Title and everything posted in this thread had me thinking the same way as David. It kind of worries me. Your APBT will have instincts just as any breed to protect its owner when needed but wishing for DA (dog aggression) is the wrong way to go about it.


----------



## 9361 (Jun 25, 2009)

A 4 month old puppy is like a toddler child. Your pup is still young and is looking to you for guidance and protection. If your puppy felt he needed to defend himself than he would have attempted in doing so, but at this point he looks to you for those needs. 

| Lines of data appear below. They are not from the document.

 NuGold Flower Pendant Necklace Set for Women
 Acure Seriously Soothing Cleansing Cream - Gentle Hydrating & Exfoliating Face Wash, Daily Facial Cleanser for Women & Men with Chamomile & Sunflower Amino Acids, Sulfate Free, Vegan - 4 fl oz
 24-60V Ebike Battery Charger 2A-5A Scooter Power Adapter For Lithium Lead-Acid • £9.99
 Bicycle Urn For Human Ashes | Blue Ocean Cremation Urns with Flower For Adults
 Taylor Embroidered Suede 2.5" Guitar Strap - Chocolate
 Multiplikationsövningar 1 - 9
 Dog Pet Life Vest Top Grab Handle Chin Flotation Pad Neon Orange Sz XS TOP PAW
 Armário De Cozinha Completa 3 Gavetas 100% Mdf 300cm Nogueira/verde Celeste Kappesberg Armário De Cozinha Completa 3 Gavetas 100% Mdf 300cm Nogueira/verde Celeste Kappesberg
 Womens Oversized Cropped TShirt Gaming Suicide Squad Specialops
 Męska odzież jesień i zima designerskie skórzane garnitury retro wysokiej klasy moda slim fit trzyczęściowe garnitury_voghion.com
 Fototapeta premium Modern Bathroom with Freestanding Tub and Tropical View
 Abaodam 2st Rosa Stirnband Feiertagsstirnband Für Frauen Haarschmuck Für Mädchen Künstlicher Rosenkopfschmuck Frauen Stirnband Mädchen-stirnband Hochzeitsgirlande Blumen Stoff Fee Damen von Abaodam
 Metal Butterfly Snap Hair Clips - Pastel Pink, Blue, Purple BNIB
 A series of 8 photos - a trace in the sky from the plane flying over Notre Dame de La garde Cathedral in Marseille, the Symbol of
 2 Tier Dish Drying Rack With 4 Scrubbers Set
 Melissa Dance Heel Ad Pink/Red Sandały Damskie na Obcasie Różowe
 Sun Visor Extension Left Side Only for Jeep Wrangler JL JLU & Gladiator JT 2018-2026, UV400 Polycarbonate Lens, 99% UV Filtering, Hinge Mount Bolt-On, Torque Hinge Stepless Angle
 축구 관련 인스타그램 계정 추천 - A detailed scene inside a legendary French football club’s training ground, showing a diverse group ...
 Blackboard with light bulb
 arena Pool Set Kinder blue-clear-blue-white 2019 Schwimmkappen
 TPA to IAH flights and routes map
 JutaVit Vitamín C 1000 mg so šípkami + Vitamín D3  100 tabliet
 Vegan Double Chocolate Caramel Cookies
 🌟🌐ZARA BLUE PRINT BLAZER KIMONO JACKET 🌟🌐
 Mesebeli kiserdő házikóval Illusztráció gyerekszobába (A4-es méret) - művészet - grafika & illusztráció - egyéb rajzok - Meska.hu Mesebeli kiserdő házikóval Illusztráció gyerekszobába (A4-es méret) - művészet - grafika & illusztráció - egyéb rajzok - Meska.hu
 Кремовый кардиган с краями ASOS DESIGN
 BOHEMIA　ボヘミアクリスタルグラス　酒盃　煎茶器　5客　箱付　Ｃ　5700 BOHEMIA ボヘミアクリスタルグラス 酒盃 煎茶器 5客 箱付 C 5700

And just imagine if your dog was bigger, and snapped up that smaller dog and killed it. You would be the responsible one, your dog would be deemed vicious and the owner might try to take a stand and have all pit bulls banned in your town and your dog euthanized. It only takes one attack for these sort of things to happen. So... don't encourage aggression. Protection on the other hand will come naturally if your dog knows you are truly threatened. But at his age, he felt scared and threatened and looked at you as his pack leader for protection. A dog that doesn't feel his pack leader is up to par on these jobs trys to carry out the task for himself, out of fear. And you don't want him acting aggressive out of fear!


----------



## cronicmole (Nov 27, 2008)

davidfitness83 said:


> No offense but the title of this thread and what you wrote is exactly what feeds the media to persecute our breed.


smt there is always one person who takes everything more serious... everyone else can understand what I'm saying but you go the extra mile to make it seem more than it is..I'd appreciate if you dont come back in here anymore sir. Maybe i should have not posted Aggression in the title..but I am moreso afraid that he would not defend himself if needed like if a stray dog gets in the yard and attacks him


----------



## Mcleod15 (Jul 17, 2009)

When my dog Red was 4months he got into my girlfriends dog(lab/rottie mix) food bowl and when Max(her dog) saw red in his bowl he came runing up and knocked him over and snapped at Red, next thing I know my 4month old 30lb pup went back into this 90lb dog like he was about wipe his tail. I picked Red before he got his tail smashed. Don't know why but your post reminded me of that day.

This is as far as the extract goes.